■ **EXERCISE DETAILS**
Omit the pictures and extract only the lines from the line containing "NWT True Religion" to the end of the material, each exactly as written.

■ **DATA TO PROCESS**
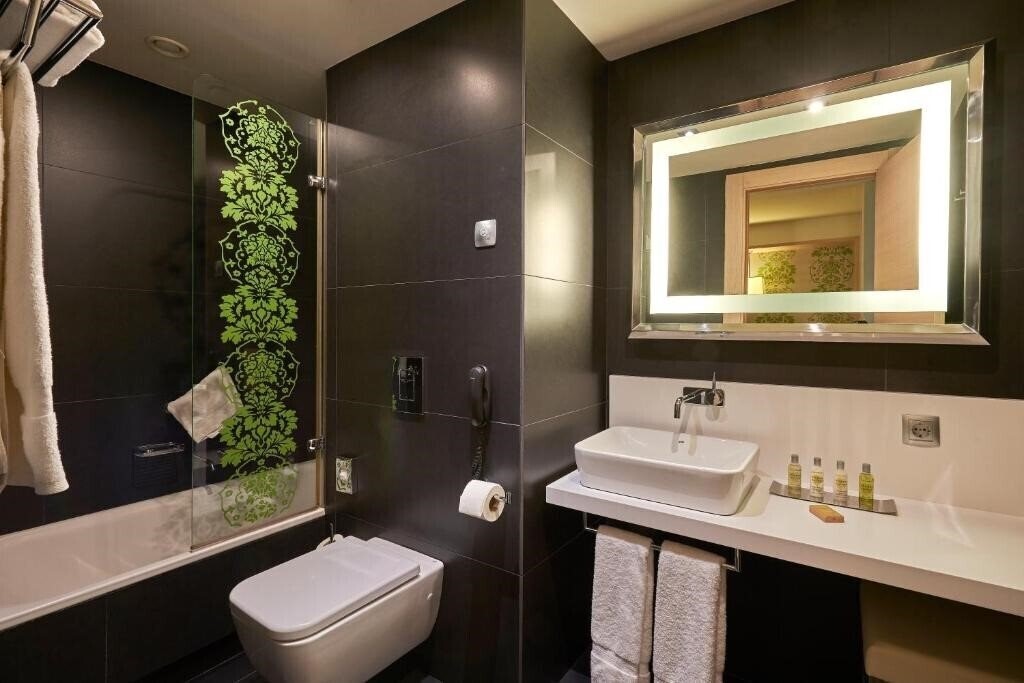 Фотографія Doubletree By Hilton Girona 4*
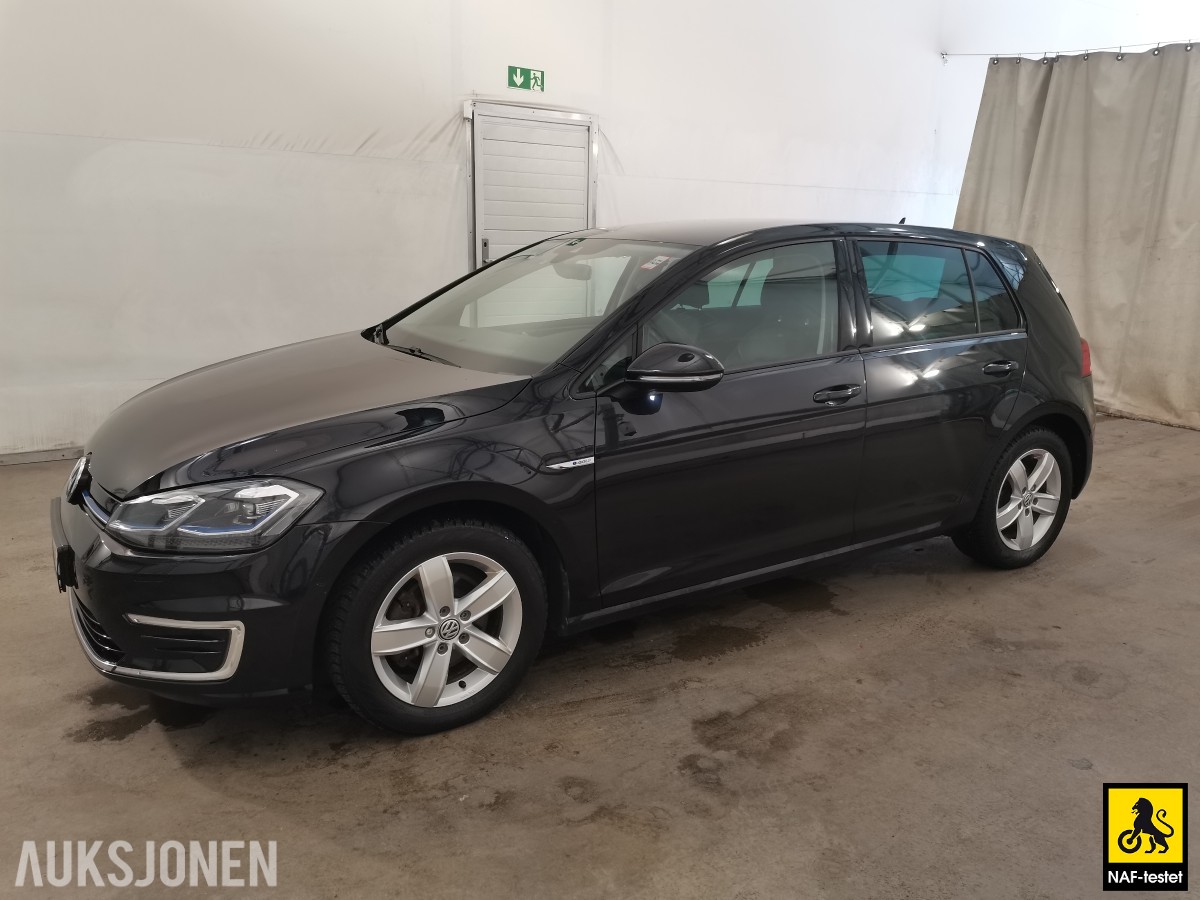 2019 Volkswagen E-GOLF 136 HK ACC VARMEPUMPE KAMERA LED SKINN FJERNLYSASSISTENT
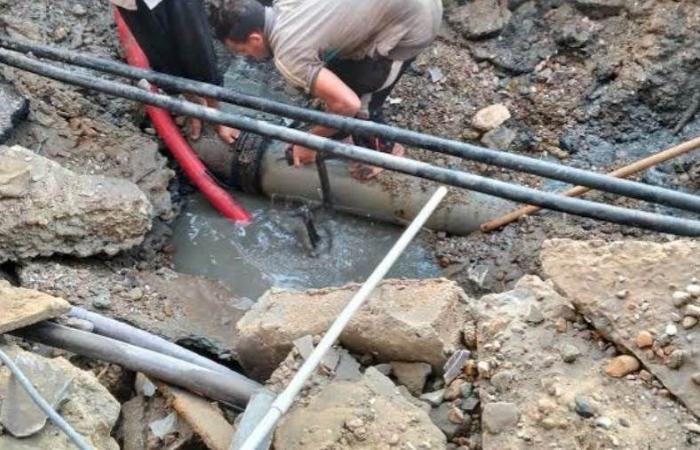 عاجل - كسر مفاجئ بخط مياه رئيسي بمدينة الشروق وبدء أعمال الإصلاح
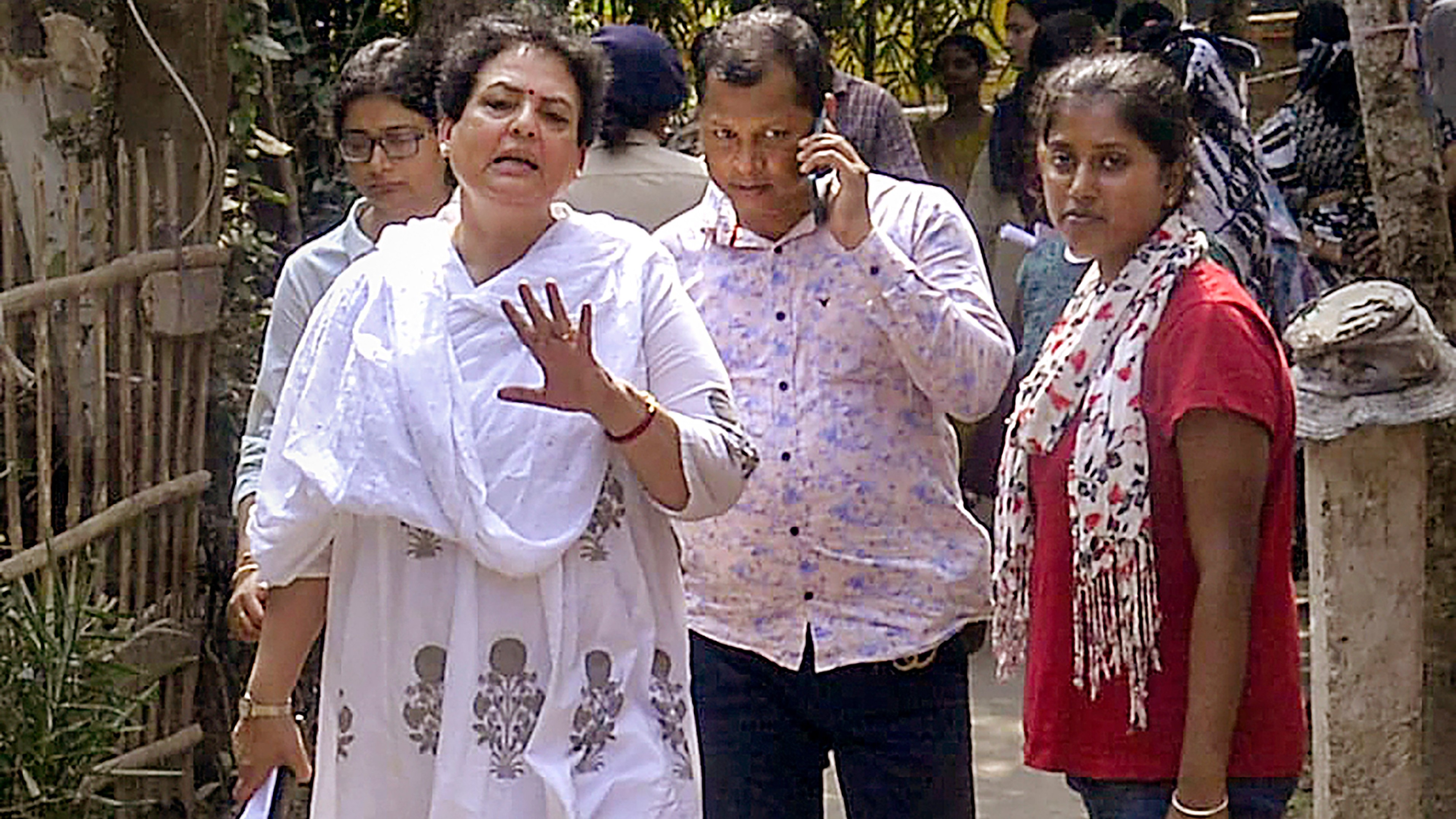 Sandeshkhali violence: NCW chief Rekha Sharma meets Droupadi Murmu, recommends President's rule in West Bengal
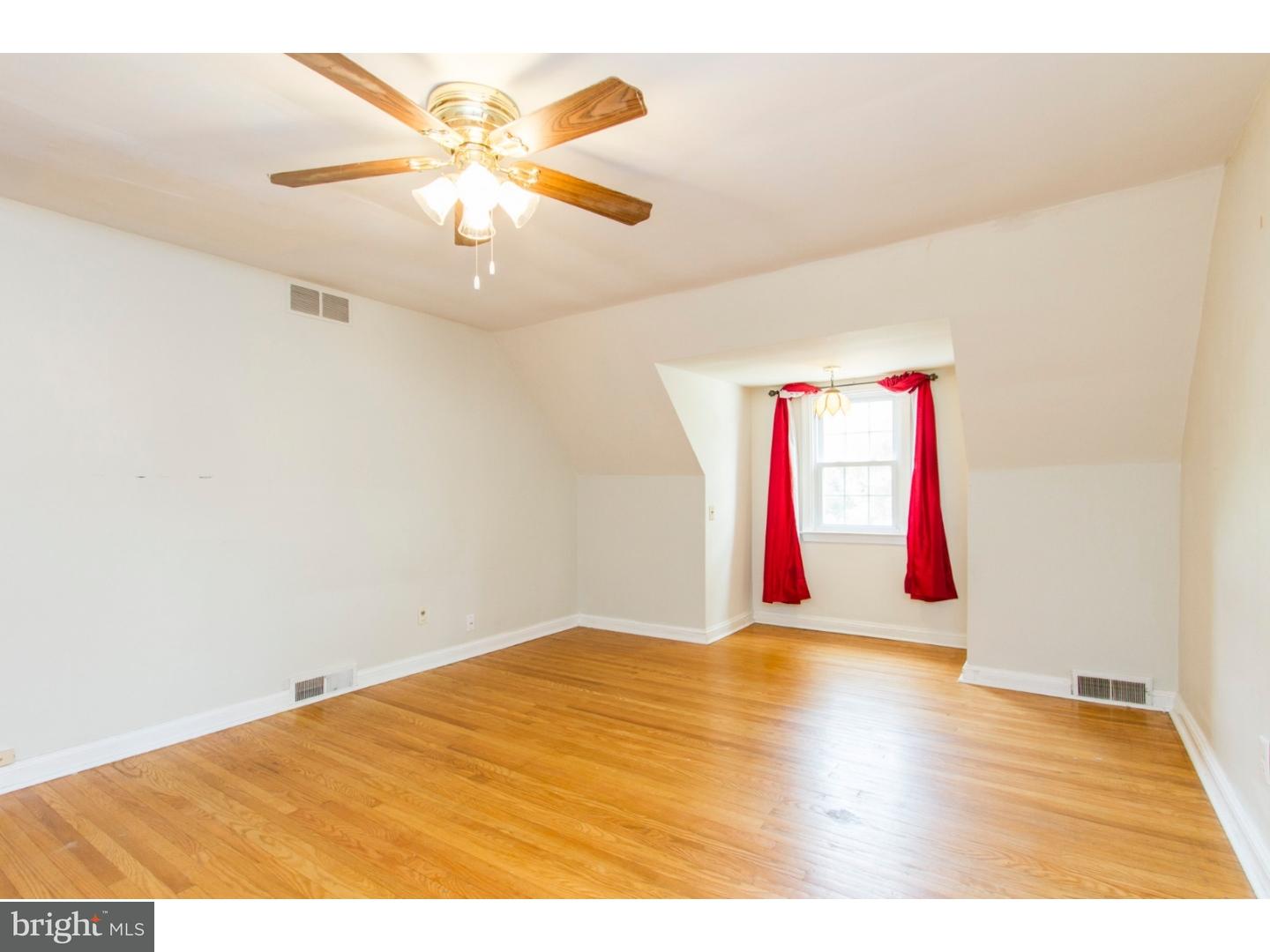 526 Andrew Road Springfield, PA 19064 - Photo 12 of 18 Bedroom 2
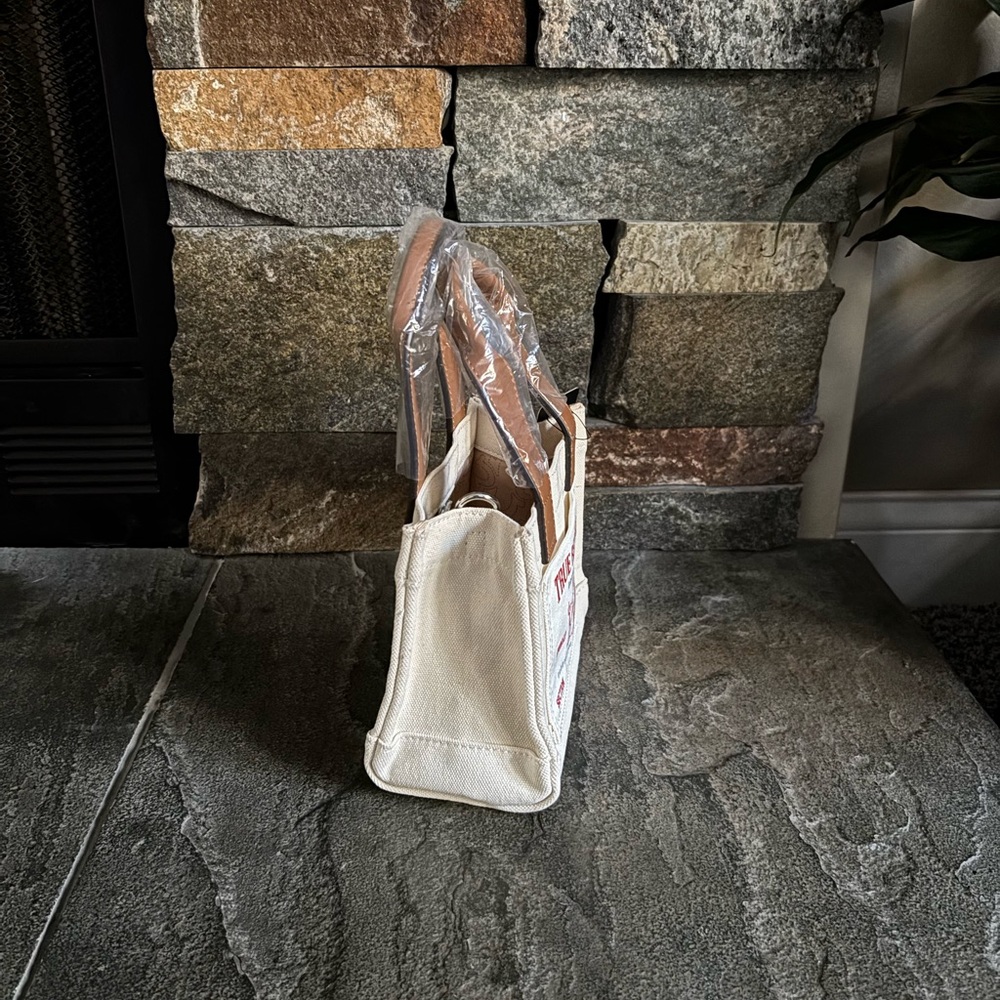 NWT True Religion Mini Tote Bag - Picture 3 of 10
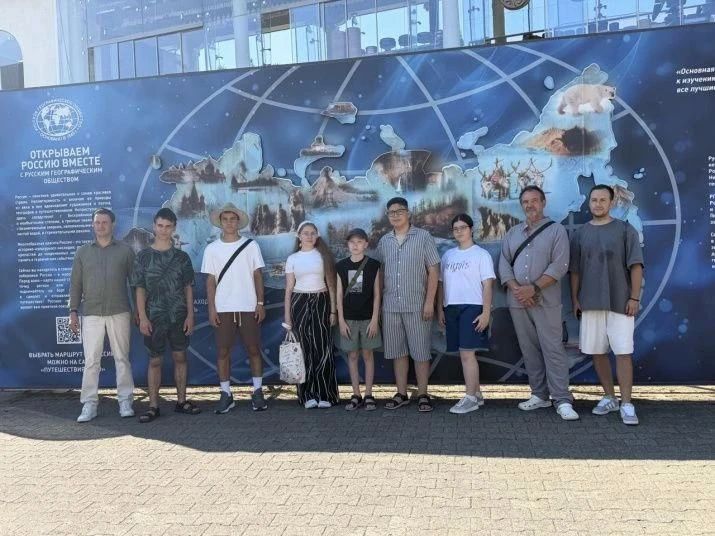 Команда Губернаторского лицея отправилась в морское путешествие Команда Губернаторского лицея отправилась в морское путешествие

■ **ANSWER SECTION**
 NWT True Religion Mini Tote Bag - Picture 3 of 10
 Команда Губернаторского лицея отправилась в морское путешествие Команда Губернаторского лицея отправилась в морское путешествие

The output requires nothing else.